Schlechter fiel die Bilanz des Politikberaters auch für die ÖVP aus. Im Wahlkampf seien einige Fehler passiert, das sei „untypisch“ für die Türkisen, meinte Hofer. Das Ergebnis sei daher umso mehr ein Erfolg für die Partei, auch wenn sie nicht wie erhofft über 20 Prozent gekommen ist. „Vor ein paar Monate gab es noch klare Indizien, dass man über 20 Prozent kommen kann. Das ist es nicht geworden, aber es ist eine Verdoppelung, obwohl man nur vom politischen Nirvana von unter zehn Prozent kommt“, so Hofer.

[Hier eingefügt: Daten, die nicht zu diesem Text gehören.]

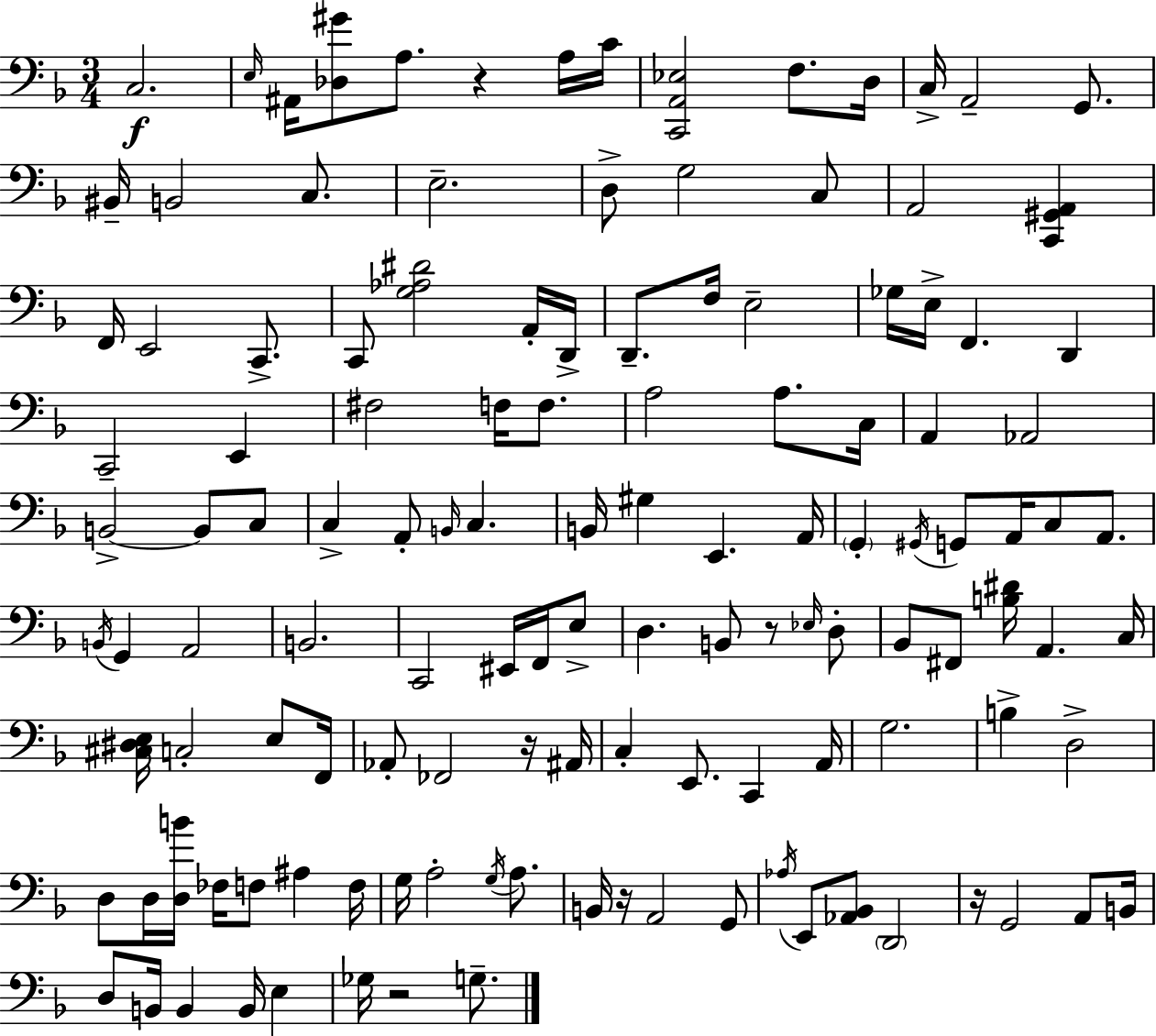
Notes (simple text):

C3/h. E3/s A#2/s [Db3,G#4]/e A3/e. R/q A3/s C4/s [C2,A2,Eb3]/h F3/e. D3/s C3/s A2/h G2/e. BIS2/s B2/h C3/e. E3/h. D3/e G3/h C3/e A2/h [C2,G#2,A2]/q F2/s E2/h C2/e. C2/e [G3,Ab3,D#4]/h A2/s D2/s D2/e. F3/s E3/h Gb3/s E3/s F2/q. D2/q C2/h E2/q F#3/h F3/s F3/e. A3/h A3/e. C3/s A2/q Ab2/h B2/h B2/e C3/e C3/q A2/e B2/s C3/q. B2/s G#3/q E2/q. A2/s G2/q G#2/s G2/e A2/s C3/e A2/e. B2/s G2/q A2/h B2/h. C2/h EIS2/s F2/s E3/e D3/q. B2/e R/e Eb3/s D3/e Bb2/e F#2/e [B3,D#4]/s A2/q. C3/s [C#3,D#3,E3]/s C3/h E3/e F2/s Ab2/e FES2/h R/s A#2/s C3/q E2/e. C2/q A2/s G3/h. B3/q D3/h D3/e D3/s [D3,B4]/s FES3/s F3/e A#3/q F3/s G3/s A3/h G3/s A3/e. B2/s R/s A2/h G2/e Ab3/s E2/e [Ab2,Bb2]/e D2/h R/s G2/h A2/e B2/s D3/e B2/s B2/q B2/s E3/q Gb3/s R/h G3/e.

Wenig überrascht zeigte sich Hofer vom Ergebnis von NEOS. „Das Plus war zu erwarten aufgrund dessen, dass die ÖVP im liberalen christlichen-sozialen Spektrum eine Flanke aufgemacht hat für die NEOS, das haben sie auch genutzt.“ Doch trotz der guten Voraussetzungen in Wien „wachsen die pinken Bäume nicht in den Himmel“, sagte Hofer.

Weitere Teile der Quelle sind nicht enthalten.